Family composition may influence families’ experiences of the developmental evaluation process. For example, single parents must manage both typical parenting responsibilities (e.g., child-rearing, household management) and stressors related to single parenthood (e.g., sole responsibility for caregiving) while navigating the developmental evaluation process.10,11 Fathers’ involvement in child-rearing contributes significantly to improved developmental outcomes for children, underscoring the importance of co-parenting when raising children with developmental concerns.12 Yet, regardless of marital status, mothers often hold more child-rearing responsibilities than fathers across cultures, due to social norms dictating gender roles.10,13 These compounded demands are associated with poorer health and well-being, higher levels of stress, and greater risk for clinical depression in caregivers of children with ASD.14 However, the ways in which these stressors may affect how caregivers experience and navigate the developmental evaluation process have yet to be empirically evaluated.

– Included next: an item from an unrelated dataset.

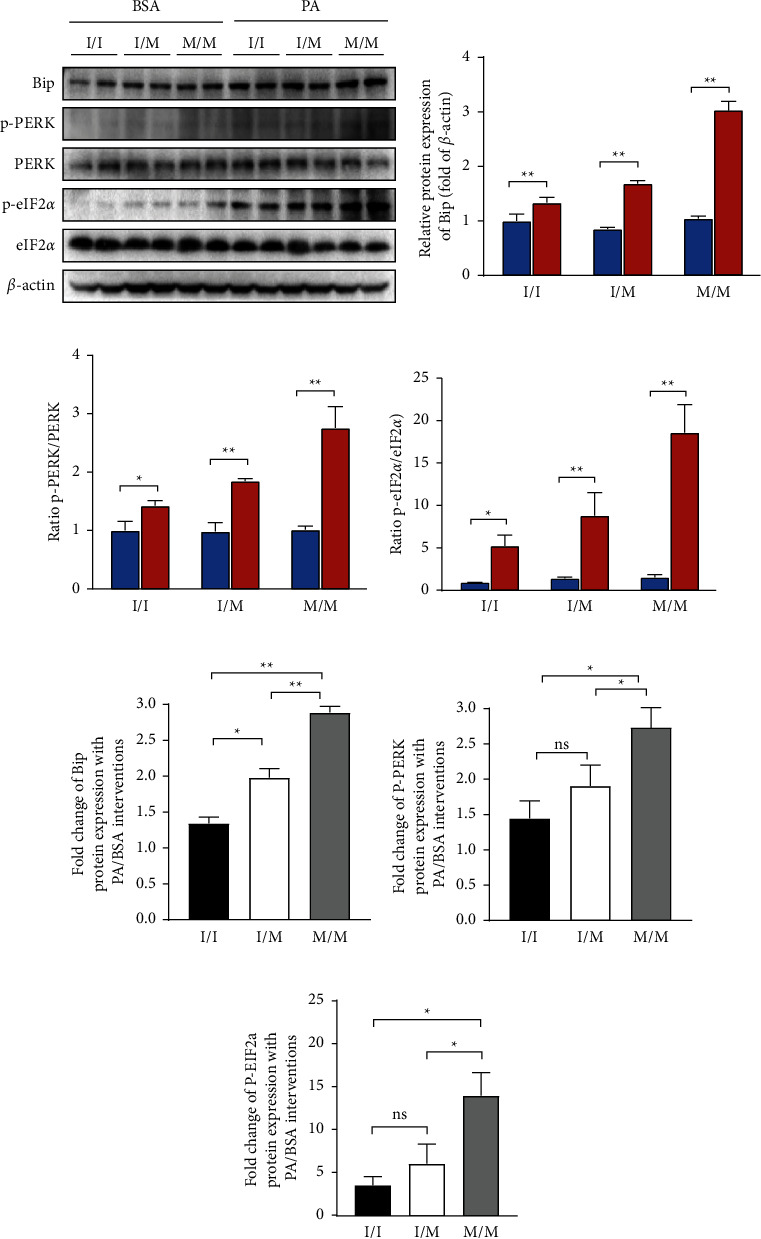 PNPLA3 148M/M Is More Susceptible to Palmitic Acid-Induced Endoplasmic Reticulum Stress-Associated Apoptosis in HepG2 Cells.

For many racially or ethnically marginalized families, extended family members play instrumental roles in child-rearing. This precedence of prioritizing family over the individual and sharing responsibilities (finances, living arrangements, child-rearing, etc.) amongst multiple family members is well-documented as the social construct of behavioral familism.15 However, there are mixed findings regarding whether and how behavioral familism affects families’ experiences of having a child with developmental concerns. Family involvement in child-rearing may reduce primary caregivers’ stress, as it allows for shared responsibility and opportunities for collective decision-making for the child.16 Furthermore, family involvement improves children’s developmental outcomes by providing more opportunities to practice skills taught through early intervention services, maximizing their impact.16
With this context, family involvement may be particularly important for supporting and improving navigation of structural and logistical barriers that racially or ethnically marginalized families face. Although caregivers indicate benefits from the developmental evaluation process regardless of diagnostic outcome17, marginalized families (e.g., minoritized racial/ethnic groups, low-income) experience additional logistical barriers that can interfere with scheduling and attending appointments and decrease the likelihood of completing the developmental evaluation process when first recommended.18 In addition, there is often a greater power differential between families of marginalized racial/ethnic backgrounds and their healthcare providers. Consequently, families often feel less confident in their ability to communicate with providers and less empowered to use available services.18,19 These challenges often extend post-diagnosis and contribute to decreased access to high-quality intervention services.5 Together, these barriers result in diagnostic and service delays that contribute to racial/ethnic and socioeconomic-based disparities in outcomes (e.g., social communication and adaptive functioning).2
Yet, some research indicates that involving extended family members in caregiving after a child’s ASD diagnosis may require families to navigate intrafamilial stigma towards ASD and subsequent conflicts about best courses of action.20 As such, caregivers may be reluctant to share initial developmental concerns or confirmed diagnoses with extended family members, resulting in caregivers feeling socially isolated. It is frequently recommended that healthcare providers increase educational opportunities for extended family members following autism diagnosis and intervention to reduce the burden of stigma and social isolation on caregivers.20 However, the burden of stigma from extended family members during the evaluation period has yet to be addressed empirically.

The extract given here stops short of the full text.